Look below for the line with "Седан BMW 5 Series 2003 в Киеве" and the line with "The icons in"; repeat exactly those two lines and all lines between them, but no pictures.

### EXERCISE INPUTS
· · · · · · ·

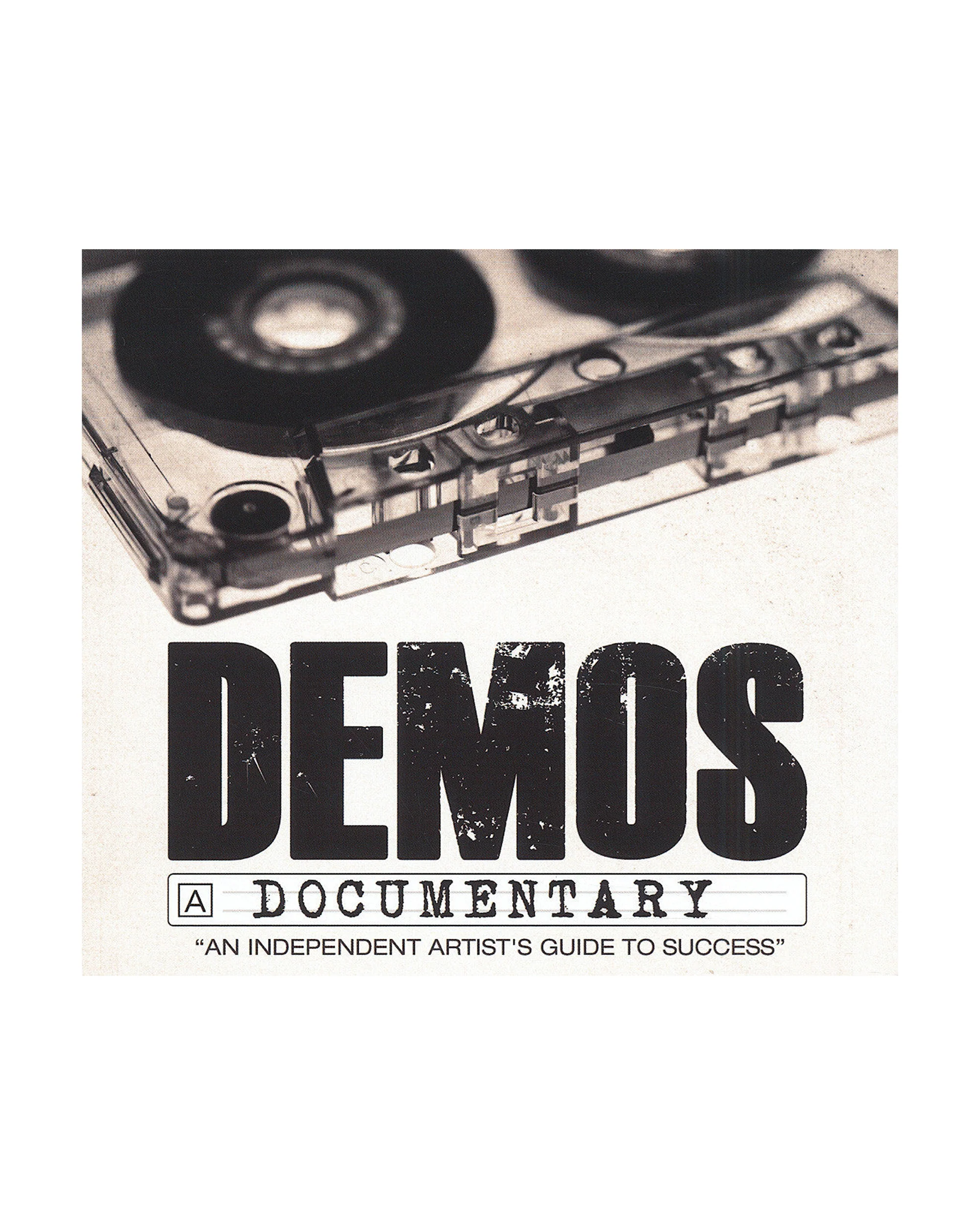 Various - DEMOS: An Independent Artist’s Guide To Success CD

· · · · · · ·

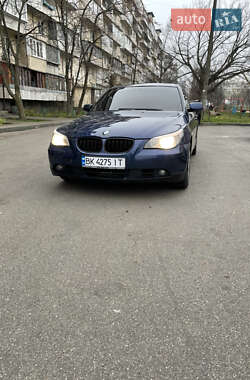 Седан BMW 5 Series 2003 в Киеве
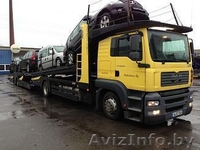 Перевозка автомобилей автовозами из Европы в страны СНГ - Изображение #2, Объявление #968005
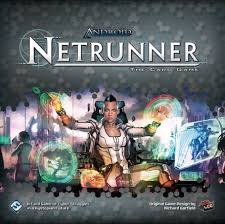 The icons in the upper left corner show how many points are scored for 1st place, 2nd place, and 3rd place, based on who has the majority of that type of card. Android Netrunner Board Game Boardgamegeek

· · · · · · ·

### YOUR SOLUTION
 Седан BMW 5 Series 2003 в Киеве
 Перевозка автомобилей автовозами из Европы в страны СНГ - Изображение #2, Объявление #968005
 The icons in the upper left corner show how many points are scored for 1st place, 2nd place, and 3rd place, based on who has the majority of that type of card. Android Netrunner Board Game Boardgamegeek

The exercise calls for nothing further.